L’OCDE procède à des évaluations pays par pays mais ses données ne sont pas publiques – et sa méthodologie encore moins. Je n’ai donc pas eu accès à ses modalités d’évaluation et je ne vous cache pas avoir eu quelques difficultés à lire le quatrième rapport particulier du CPO – il faut tout de même des compétences statistiques.

Faut-il de la volonté politique quant à ce fameux groupe de travail ? À l’occasion de l’examen du dernier projet de loi de finances, je suis repartie au front en déposant un amendement tendant à créer un observatoire français en plus de celui qui vient de se mettre en place à l’échelon européen. Je continuerai, en tant que députée de la majorité, à dire au Gouvernement que cet outil est indispensable et qu’il continuera à l’être pour les prochaines majorités parlementaires. Aujourd’hui, l’on me répond que l’INSEE et la MICAF y travaillent. Ceux qui veulent m’accompagner dans ce combat sont les bienvenus.

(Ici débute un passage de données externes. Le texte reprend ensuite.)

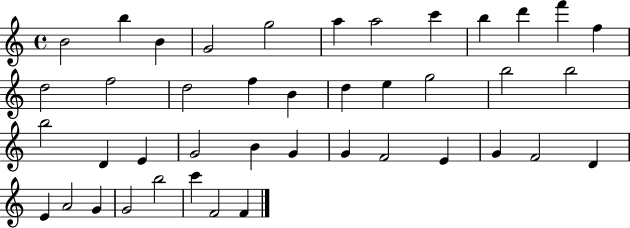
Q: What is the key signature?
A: C major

Les contrôles aléatoires ont commencé depuis peu. Je n’ai pas en tête leur nombre à ce stade, mais l’idée est de produire des données fiables sur l’évasion fiscale.

Au sujet de la volonté politique nationale sur les paradis fiscaux – celle de l’Union européenne relève davantage du Parlement européen et des États membres −, il faut savoir que la France, outre la liste des États et territoires non coopératifs, s’appuie sur la notion de pays à régime fiscal privilégié. Ma proposition d’abaisser le seuil de 50 % à 40 % avait été acceptée par la rapporteure du projet de loi relatif à la lutte contre la fraude Émilie Cariou. La notion s’apprécie outil par outil, au regard du taux effectif d’imposition. L’on peut toujours faire plus et mieux : la France a commencé.

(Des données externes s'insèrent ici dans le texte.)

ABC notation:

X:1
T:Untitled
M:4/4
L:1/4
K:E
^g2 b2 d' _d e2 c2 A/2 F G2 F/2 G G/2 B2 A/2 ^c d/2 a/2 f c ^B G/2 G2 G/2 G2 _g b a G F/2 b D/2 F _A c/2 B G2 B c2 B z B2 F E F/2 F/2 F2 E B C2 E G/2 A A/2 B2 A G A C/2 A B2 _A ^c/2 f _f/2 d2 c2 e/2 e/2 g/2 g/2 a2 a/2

Il y a des avancées, avec l’engagement fort du Parlement européen, qui a adopté une résolution au mois de janvier dernier, qui traite aussi du sujet des paradis fiscaux au sein de l’Union européenne. Ce n’est pas un sujet simple, car cette qualification a des conséquences en matière de sanctions potentielles en matière de fiscalité des entreprises, ainsi qu’au plan politique. Nous verrons la suite que la Commission européenne entend donner à la résolution des députés européens.

Je n’ai pas mentionné une difficulté actuelle, que nous anticipions déjà en 2018 et qui tient à ce qu’il y a une démultiplication des TSN, rien qu’au sein de l’Union européenne. Mon rapport les énumère.

La question de la double imposition sur une même activité va se poser, parce que les TSN recouvrent des champs d’application parfois différents. Le principe de la fiscalité internationale et des conventions est pourtant d’éviter ce problème.

La solution européenne reste la meilleure à ce stade. Mes échanges avec la Commission européenne me font comprendre que l’option d’une harmonisation est privilégiée, ce qui signifie aussi que la France ne revient pas sur la taxe qu’elle a déjà introduite dans son droit interne. Je préfère la TSN à une taxation additionnelle du numérique au titre de l’IS. Je ne dénonce pas la double imposition entre l’IS et la TSN et rappelle que nous avions pris le parti de l’assumer ; elle concerne certaines entreprises françaises.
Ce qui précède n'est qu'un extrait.